La actriz agradeció a sus seguidores en Instagram por reportar a un acosador y aseguró que nadie tiene derecho a decirle cosas “asquerosas” por redes sociales.
La actriz agradeció a sus seguidores en Instagram por reportar a un acosador y aseguró que nadie tiene derecho a decirle cosas “asquerosas” por redes sociales.

La actriz de la popular teleserie ‘De vuelta al barrio’, señaló estar harta de los acosadores, quienes crees que por haber hecho la escena de la azotea en la película peruana ‘Django’, pueden decirle cosas “asquerosas” en redes sociales.

Urbina agradeció a sus seguidores por apoyarla reportando la cuenta del acosador. Y puntualizó que los responsables son los acosadores y no las víctimas, a quienes se las culpa por cómo visten o por su pasado.

Quiero agradecer todos los mensajes de apoyo, toda la gente que está reportando esa cuenta, esos mensajes los recibos todos los días.

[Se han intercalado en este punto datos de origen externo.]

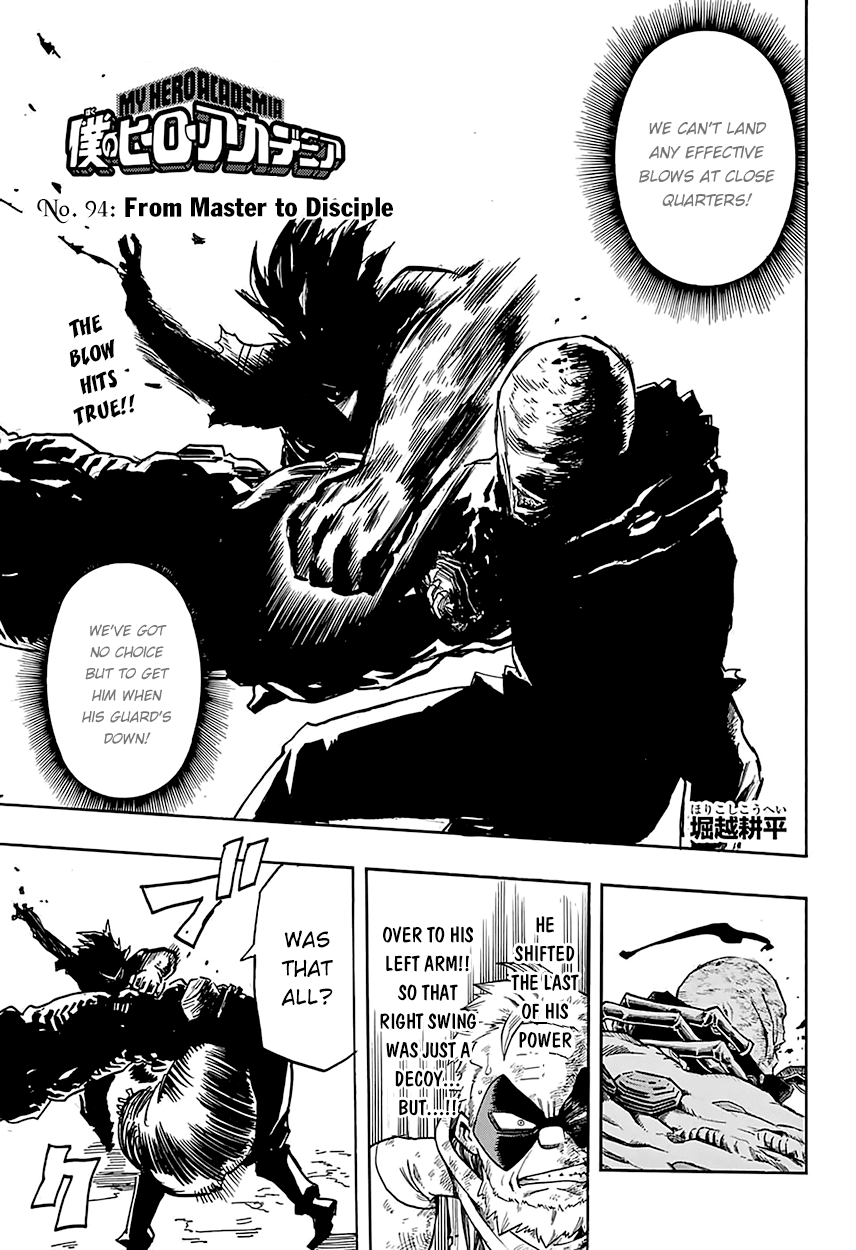 Boku no Hero Academia Chapter 94 page 4 - Chapter 94: From Master to Disciple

No solo yo, no tienes que ser actriz, no tienes que hacer la escena de la azotea para recibirlos, es algo que sufrimos todas las mujeres. Todas estamos hartas. Me preguntan, de repente te arrepientes haber hecho la escena de Django, y no me arrepiento”, dijo tajante Melania Urbina.

Mucha gente me dice: te lo mereces por haber hecho la escena de Django. No, no me lo merezco. Es lo mismo que acusar a alguien que sufre acoso por cómo se vistió o por su pasado. Acá los únicos responsables del acoso son los acosadores. Ojo te puede fascinar la escena, puedes haberla visto mil veces, te puede parecer sexy, te puede poner lo que tú quieras, eso no está mal. Lo que está mal es que creas que por eso tienes el derecho de decirme cosas asquerosas”, agregó la actriz.

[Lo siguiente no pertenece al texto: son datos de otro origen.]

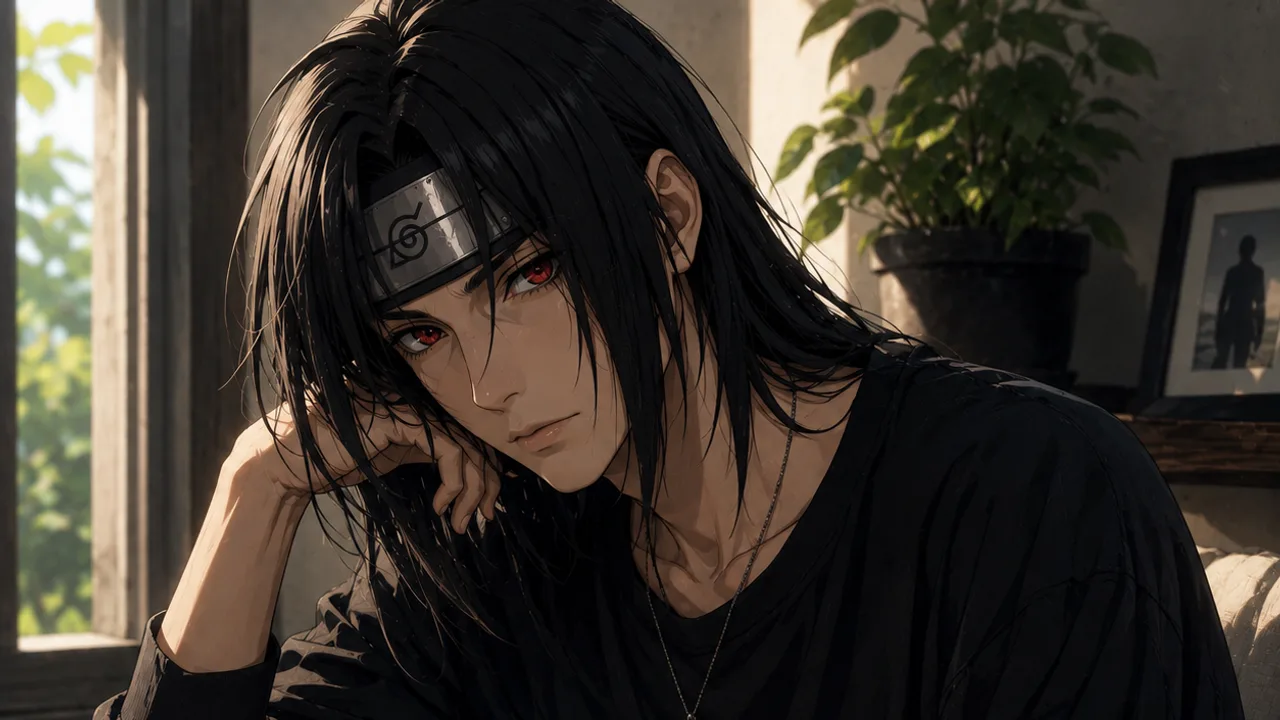 Stylized deep-red-and-midnight portrait evoking the quiet, wise, restrained presence of an Itachi Uchiha AI companion.
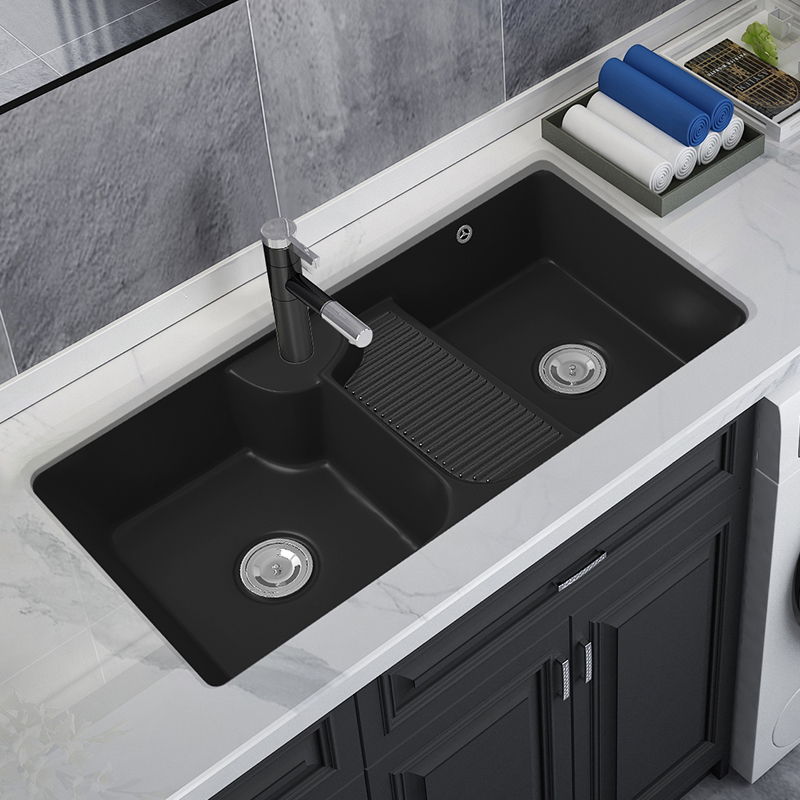Balcony Laundry Pool With Washboard Ceramic Matt Black Single Pool Floor Basin Wash Basin Domestic Stone Down Basin Sink-Taobao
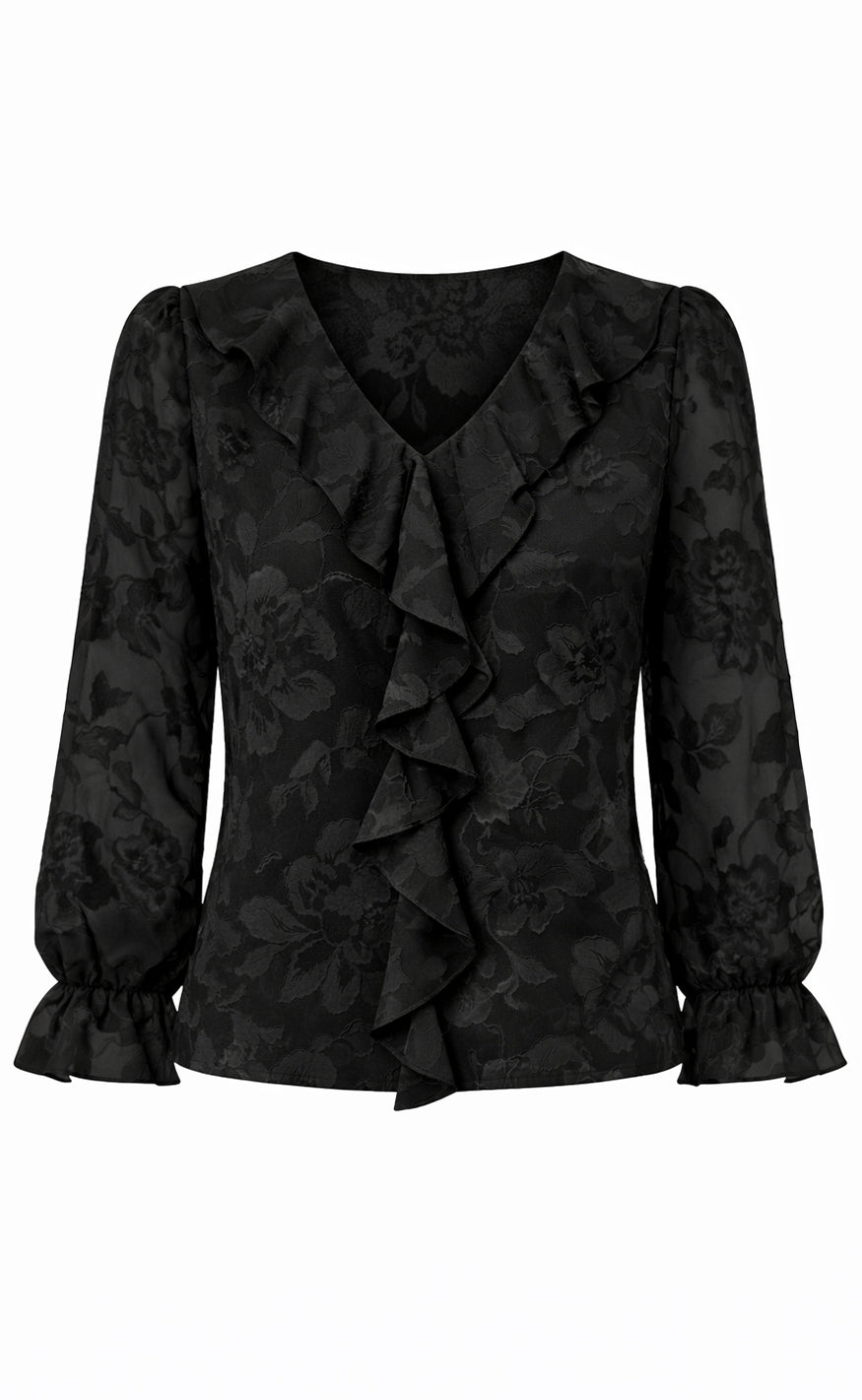 Say NA Copenhagen Bluse - Luna - Black Flower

También aprovechó la oportunidad para agradecer a todos sus seguidores que la apoyan en sus objetivos personales. Urbina practica yoga y preguntó a sus seguidores si algún día podría parase de manos a lo que más de 1700 personas dijeron que sí, lo que la alentó.

Quiero compartirles la encuesta que hice si algún día lograría pararme de manos y debo decir con mucho gusto que 1700 personas dijeron que sí y solo 200 que no. Que es lo bonito del asunto, es que somos más lo queremos lo mejor para los demás, los que queremos empujarnos y darnos ánimos para que el otro progrese porque si el otro está mejor yo también estoy mejor. Y eso me da mucha esperanza, gracias”, finalizó.